Rescue Me: Pug Rescue of Sacramento

We at Yellow Dog Blog are huge fans of legitimate, hard-working rescue groups. After all, a Bay Area rescue saved Yellow Dog and Sundown!

But it is heartbreaking to know not all dogs are so lucky. In fact, roughly 9,000 innocent animals are put to sleep every day across the U.S. simply because there aren’t enough people willing or able to adopt. So we’ve launched a new series on YDB highlighting rescue groups in California, the Rescue Me series.
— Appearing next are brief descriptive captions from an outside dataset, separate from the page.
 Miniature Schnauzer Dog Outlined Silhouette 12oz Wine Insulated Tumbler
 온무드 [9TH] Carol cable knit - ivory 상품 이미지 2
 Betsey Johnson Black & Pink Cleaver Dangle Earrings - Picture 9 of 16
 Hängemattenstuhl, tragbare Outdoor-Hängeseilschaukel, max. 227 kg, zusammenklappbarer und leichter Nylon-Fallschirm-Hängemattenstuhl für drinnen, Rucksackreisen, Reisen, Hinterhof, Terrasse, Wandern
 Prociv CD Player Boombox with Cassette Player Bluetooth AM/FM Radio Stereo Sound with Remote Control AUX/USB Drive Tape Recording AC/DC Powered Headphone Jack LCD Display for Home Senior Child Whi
We start with Pug Rescue of Sacramento, or PROS. PROS was founded in the early 1990s when Sacramento breeder Marianne Herzberg-Stanley found many pugs in need of homes. PROS was incorporated as a non-profit in 1996 and since then, they’ve rescued thousands of pugs, taking in more than 100 dogs a year.

Pug dogs jumping up

Two pugs greet a visitor at a PROS adoption event at Pet Food Express in Benicia.

PROS President Jan Grover has been working with the organization for 12 years, including three as president. She says the pug breed is special.

“Pugs are very oriented towards people,” Grover says. “They especially enjoy being around their own breed. At pug events, it’s like meeting a long-lost cousin.”

Dedicated volunteer and Dublin resident Elena Temples got involved with PROS more than ten years ago when she took her first pug puppy to Pug Sunday at Heather Farms Park in Walnut Creek.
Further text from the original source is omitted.